The convention of a composer transcribing and even embroidering on the work of another composer is one of the oldest in western music. Parody masses, beginning at least as early as the fourteenth century, employed a popular melody, or the melody of another composer, as one of the lines in its polyphonic structure. Bach made arrangements of Vivaldi concerti and transcriptions of operatic selections were a staple of the repertoire of nineteenth century piano virtuosi. The practice has fallen somewhat out of favor in the twentieth century, however, with its emphasis on purity and period authenticity. Folk song arrangements are still considered acceptable, but a project of the scale and audacity of
Aribert Reimann's arrangements of masterpieces of German Romantic lieder is unusual.
Reimann is not a household name on the U.S. music scene, but in Germany he is one of the most successful and best-known composers of opera and vocal music. He is also a skilled accompanist intimately familiar with the lieder repertoire, so this project of arranging songs originally accompanied by piano for string quartet is bound to have had an extended period of gestation. The selections here run the gamut from simple arrangements of individual songs entirely faithful to the original to the combination of a number of songs into a single long movement, with distinctly contemporary connective passages linking the songs. Brahms' Fünf Ophelia-Lieder and Schumann's Sechs Gesänge, Op. 107, receive the most conservative treatment -- skillful and idiomatic arrangements of the piano part for string quartet that might have been made by the composers themselves.
Reimann's combination of three Schubert songs into a single extended work with original but Schubertian-sounding bridge material represents a middle ground.
Reimann's most daring foray is his 24-minute single-movement "...oder soll es Tod bedeuten?" (...or does it mean death?), based on nine Mendelssohn settings of texts by Heine. The songs
Reimann selected begin with the hope of new love and gradually become more anxious until the cycle ends in the bitterness of "Warum sind denn die Rosen so blass" (Why are the roses so pale), which Mendelssohn left incomplete, and in which
Reimann leaves the voice to trail off in despair. The songs are clearly Mendelssohn's (with occasional alterations in the accompaniment), but they are framed by the matrix of a contemporary harmonic and gestural language that provides an astringent commentary on the dark texts and intensifies the anguish implicit in Mendelssohn's sweet settings.
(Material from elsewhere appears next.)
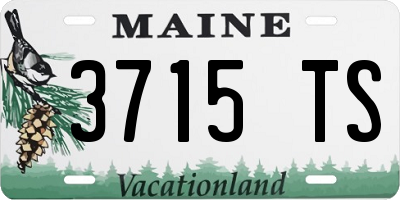 ME license plate 3715TS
Reimann's treatment of the Mendelssohn may not please purists, but for the adventurous listener, his additions offer fresh insights into the texts and music of the originals. His arrangements of the Schubert, Schumann, and Brahms are entirely idiomatic and could easily slip into the growing repertoire of songs for voice and string quartet. The
Cherubini Quartett plays with resonance, warm tone, and passion. Soprano
Juliane Banse sings expressively, but her voice lacks the richness and warmth to fully inhabit the songs.
Reimann's settings deserve to be heard again with a great lieder singer to make a compelling case for them.